Perhaps it was just because there were far fewer children’s programmes on when I was a child, and within that, fewer programmes preaching about how to keep yourself safe than there are today, but watching television in the 1970s and 80s was, to me at least, pretty terrifying.
You’d be happily watching your favourite programme, when all of a sudden it would finish and you would be confronted by a woodland animal running out into the road to get his football and then being hit by a car, or somebody flying their kite too close to a power line (that was the one I was most scared of, even though I didn’t have a kite…).
It seemed like there was a never-ending stream of ‘don’t do this,’ ‘never touch that’ and ‘ooh, be careful of those’ messages broadcast; hundreds of public information films were played through the screen at naïve young children, who, presumably up until they saw them had been contemplating climbing inside old abandoned fridges or trying to french kiss rabid dogs. (I’m being a bit flippant; most of these films did have a serious message to impart – albeit in a way that left many small kids mentally scarred for life about things that they were statistically unlikely to be confronted with.)
Of all the types of films broadcast during those decades, there were three that really stood out for me; the aforementioned woodland creatures of the Tufty Club, who were created for the Royal Society for the Prevention of Accidents to give children simple safety messages, the Green Cross Code man (who could forget his fetching green tights?) and Charley Says.
Everybody remembers Charley Says – not just for the message the short films imparted, but also for the song Charly, released by The Prodigy in 1991, which sampled it. It’s also memorable for the fact that controversial DJ and comedian Kenny Everett was actually behind the voice of Charley. He obviously played it in the best possible taste however. Ha.
There were six Charley Says films, made by the Central Office of Information and broadcast in the UK during the 70s and 80s. They dealt with topics ranging from ‘Falling in the water’ (obviously saying ‘don’t,’ not ‘try it’) through ‘don’t play with matches’ and ‘don’t talk to strangers,’ with the slightly less common terror of ‘don’t pull tablecloths off tables’ also making an appearance.

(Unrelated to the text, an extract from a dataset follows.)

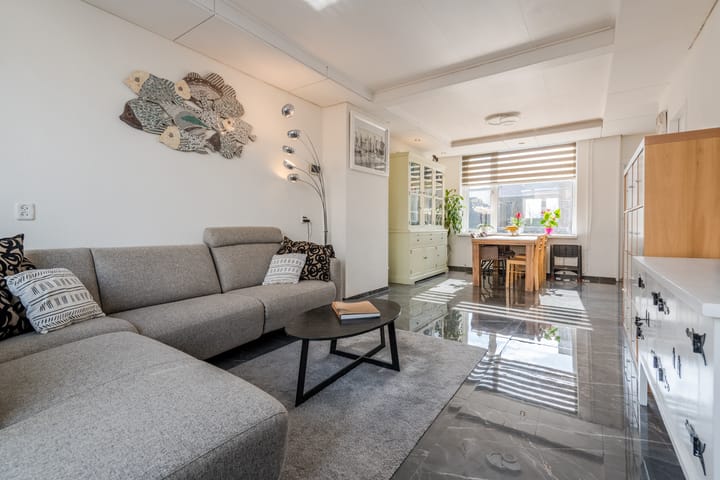 Foto 2 van van der Veldstraat 26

The main characters in Charley Says were Tony, a little boy, and his faithful cat – the eponymous Charley. Tony would tell the story of his latest particular scare whilst we watched it unfold on screen. Charley was a very vocal feline, and at the end of each episode he would miaow his way through the moral of the story, which Tony would translate for the watching audience: e.g. ‘Miaow miaaaow miaooow miaowwwww.’ ‘Charley says…never go anywhere with men or ladies you don’t know.’ If Tony and Charley had made the right decision during the scenario then they would be rewarded; a treat for Tony and a fish for Charley, which Charley would devour quickly, leaving only the familiar cartoon fishbone.
They were made with a particularly clunky visual style, familiar to many because the animation was created by Richard Taylor Cartoons, who were also responsible for the television series Crystal Tipps and Alistair. Charley Says was voted number one in a poll of ‘Favourite Public Information Films’ (yes, really) for the BBC News website’s Magazine pages and you can actually buy Charley Says on DVD (alongside many other ‘aaaargh, the world is such a scary place’ public information films).
‘Miaooow miaaaaow miaowwwwwww miaaaaw.’ ‘Charley says ‘I’d like to do something that doesn’t put our lives in peril today please.’